Dia tidak berhak melarang manusia dari hal seperti itu, tidak juga dari masalah-masalah yang sejenisnya dari hal-hal yang boleh di dalamnya ijtihad, sementara dia tidak memiliki nash dari al-Qur`an dan dari Sunnah, tidak dari Ijma’ dan tidak pula memiliki sesuatu yang semakna dengan itu.”[6]
Abu Nu’aim meriwayatkan dari Abdullah ibn al-Hakam, dia berkata: saya mendengar Imam Malik berkata:
شَاوَرَنِي هَارُوْنُ الرَّشِيْدِ فِي أَنْ يُعَلَّقَ ( الْمُوَطَّأُ ) فِي الْكَعْبَةِ، وَيُحْمَلَ النَّاسُ عَلَى مَا فِيْهِ، فَقُلْتُ: لَا تَفْعَلْ، فَإِنَّ أَصْحَابَ رَسُوْلِ اللهِ r اخْتَلَفُوْا فِي الْفُرُوْعِ، وَتَفَرَّقُوْا فِي الْبُلْدَانِ، وَكٌلُّ عِنْدَ نَفْسِهِ مُصِيْبٌ، فَقَالَ: وَفَّقَكَ اللهُ يَا أَبَا عَبْدِ اللهِ
“Harun al-Rasyid meminta pertimbangan saya untuk menjadikan kitab saya al-Muwatha` tergantung di Ka’bah, dan dia mewajibkan manusia untuk mengamalkan isinya. Maka saya katakan: “Jangan engkau lakukan, sebab para sahabat Rasulullah i telah berselisih dalam masalah furu’, dan mereka telah tersebar di berbagai negeri, dan masing-masing merasa dalam dirinya benar.” Maka dia berkata: “Semoga Allah memberimu taufiq wahai Abu Abdillah.”[7]

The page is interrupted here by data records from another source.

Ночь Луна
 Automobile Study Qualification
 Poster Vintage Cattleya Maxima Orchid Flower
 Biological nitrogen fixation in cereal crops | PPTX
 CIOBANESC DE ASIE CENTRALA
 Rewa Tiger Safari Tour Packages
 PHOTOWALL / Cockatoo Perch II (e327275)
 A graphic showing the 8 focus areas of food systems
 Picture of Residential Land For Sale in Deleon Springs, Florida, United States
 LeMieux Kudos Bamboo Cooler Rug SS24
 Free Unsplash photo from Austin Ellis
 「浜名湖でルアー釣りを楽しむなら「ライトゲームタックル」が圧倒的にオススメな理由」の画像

Kisah ini juga diriwayatkan antara Malik dan Abu Ja’far al-Manshur. Bisa jadi kisah ini berulang bersama al-Manshur dan juga bersama al-Rasyid. Ibnu Sa’ad dalam Thabaqat meriwayatkan dari Muhammad ibn al-Aslami al-Waqidi, dia berkata: saya mendengar Malik ibn Anas berkata: Tatkala al-Manshur naik haji, dia berkata kepadaku: “Saya bertekad untuk memerintahkan kitabmu ini untuk disalin, kemudian aku akan mengirim ke setiap kota dari kota-kota kaum muslimin satu naskah darinya, dan aku perintahkan mereka untuk mengamalkan isinya, dan mereka tidak boleh melampauinya kepada yang lainnya.” Maka aku katakan:
يَا أَمِيْرَ الْمُؤْمِنِيْنَ، لَا تَفْعَلْ هَذَا، فَإِنَّ النَّاسَ قَدْ سَبَقَتْ إِلَيْهِمْ أَقَاوِيْلُ، وَسَمِعُوْا أَحَادِيْثَ، وَرَوَوْا رِوَايَاتٍ، وَأَخَذَ كُلُّ قَوْمٍ بِمَا سَبَقَتْ إِلَيْهِمْ، وَدَانُوْا بِهِ مِنِ اخْتِلَافِ النَّاسِ، فَدَعِ النَّاسَ وَمَا اخْتَارَ أَهْلُ كُلِّ بَلَدٍ مِنْهُمْ لِأَنْفُسِهِمْ
“Wahai Amirul Mukminin, jangan engkau lakukan itu, sebab manusia telah sampai kepada mereka ucapan-ucapan, dan mereka telah mendengar hadits-hadits, dan meriwayatkan riwayat-riwayat, dan masing-masing kaum berpegang dengan apa yang sudah sampai kepada mereka, dan mereka telah meyakininya dari perbedaan manusia. Maka biarkanlah manusia dan apa yang telah dipilih oleh masing-masing penduduk negeri untuk diri mereka.”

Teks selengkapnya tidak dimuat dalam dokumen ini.